To budziło niepokój milionów Polaków! Teraz znamy całą prawdę o tej opłacie

3 godzin temu

Ministerstwo Finansów wreszcie zabrało oficjalny głos w sprawie budzącego ogromne emocje podatku katastralnego, którego wprowadzenie rekomendował Polsce Międzynarodowy Fundusz Walutowy. Wiceminister finansów Jarosław Neneman stanowczo zaprzeczył, jakoby rząd planował wprowadzenie tego kontrowersyjnego rozwiązania, jednak niepokojąco wymijająca wypowiedź ministra rozwoju Krzysztofa Paszyka na antenie Radia Zet pozostawia pewien margines niepewności.

Fot. Warszawa w Pigułce

Podatek katastralny, funkcjonujący w wielu rozwiniętych krajach, mógłby dramatycznie wpłynąć na portfele Polaków. Według wyliczeń portalu infor.pl, przy standardowej stawce 1 procent stosowanej w bogatych państwach, właściciel przeciętnego mieszkania musiałby płacić około 500 złotych miesięcznie, a właściciel domu choćby ponad 800 złotych. To astronomiczny wzrost w porównaniu z obecnymi stawkami podatku od nieruchomości wynoszącymi 56 i 124,40 złotych.

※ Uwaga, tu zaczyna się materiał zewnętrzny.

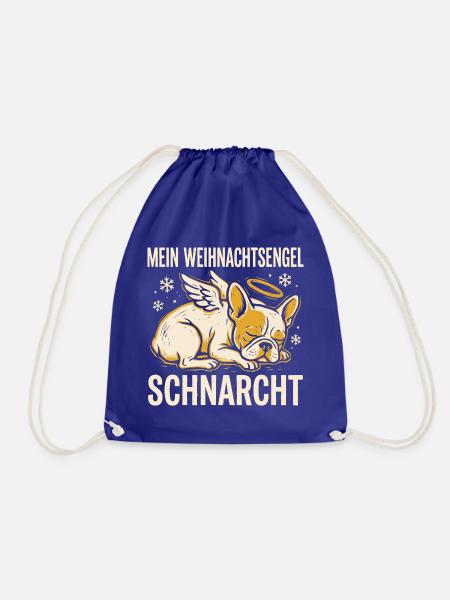 Mein Weihnachtsengel schnarcht - Frenchie - Turnbeutel - Königsblau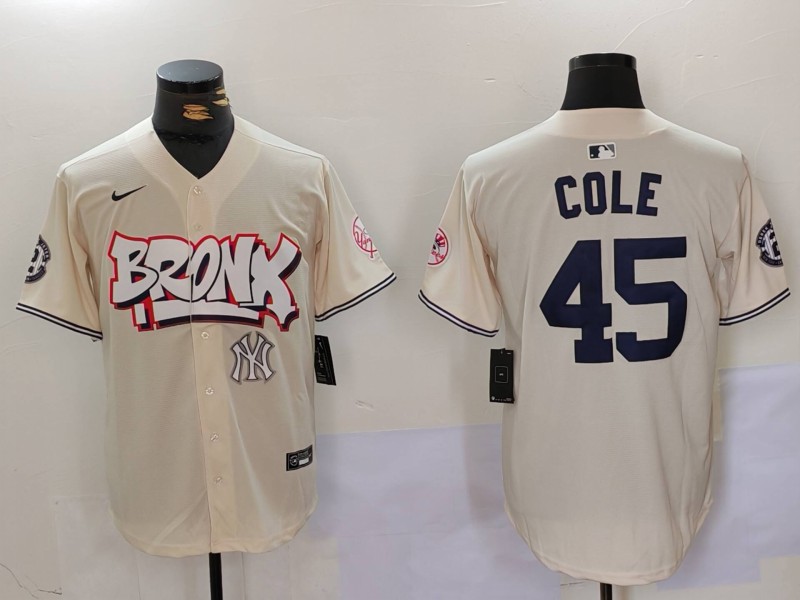 Personalized Men’s New York Yankees #45 Gerrit ColeCream The Bronx Graffiti V2 Limited Stitched Baseball Jerseys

Eksperci rynku nieruchomości wskazują na złożone konsekwencje ewentualnego wprowadzenia takiego podatku. Jan Dziekoński w rozmowie z portalem BiznesINFO podkreśla, iż mogłoby to zwiększyć podaż na rynku najmu, zmuszając właścicieli pustostanów i domów wakacyjnych do ich wynajmowania w celu pokrycia kosztów podatku.

Jednak medal ma też drugą stronę. Istnieje realne ryzyko, iż właściciele przerzuciliby koszty nowego podatku na najemców, co doprowadziłoby do znaczącego wzrostu czynszów. Dodatkowo, system ten zakłada regularną aktualizację wartości nieruchomości – choćby lokalna inwestycja, jak nowa droga czy centrum handlowe, mogłaby spowodować wzrost podatku dla okolicznych mieszkańców.

Wiceminister Neneman podczas piątkowego wystąpienia w Sejmie starał się rozwiać wszelkie wątpliwości, zapewniając, iż rząd nie prowadzi żadnych prac analitycznych związanych z wprowadzeniem podatku katastralnego. Podkreślił również, iż nie są planowane żadne nowe podatki, rozwiewając przy okazji plotki o rzekomych opłatach od „krasnali, kapliczek czy płotów”.

Niepokój budzi jednak wypowiedź ministra rozwoju Krzysztofa Paszyka, który zapytany wprost o podatek katastralny, udzielił wymijającej odpowiedzi, sugerując, iż „to temat na dłuższą rozmowę” i wskazując na potrzebę szerszej dyskusji w ramach rządu.

Obecnie w Polsce system opodatkowania nieruchomości opiera się na ich powierzchni, a nie wartości rynkowej. Zmiana na system katastralny oznaczałaby prawdziwą rewolucję, szczególnie dla właścicieli nieruchomości w atrakcyjnych lokalizacjach, którzy musieliby płacić znacznie wyższe podatki niż osoby posiadające podobne nieruchomości w mniej prestiżowych dzielnicach.

Sytuacja wymaga dalszej obserwacji, szczególnie iż rekomendacje Międzynarodowego Funduszu Walutowego, choć nie są wiążące, często wyznaczają kierunki zmian w polityce fiskalnej państw. Na razie jednak właściciele nieruchomości mogą odetchnąć z ulgą – przynajmniej do czasu, gdy temat powróci w ramach „dłuższej rozmowy” zapowiadanej przez ministra Paszyka.

Eksperci podkreślają, iż ewentualne wprowadzenie podatku katastralnego wymagałoby gruntownej reformy systemu podatkowego i długiego okresu przejściowego. Doświadczenia innych państw pokazują, iż taka zmiana musi być dobrze przygotowana i skonsultowana ze wszystkimi zainteresowanymi stronami, aby uniknąć destabilizacji rynku nieruchomości i nadmiernego obciążenia podatników.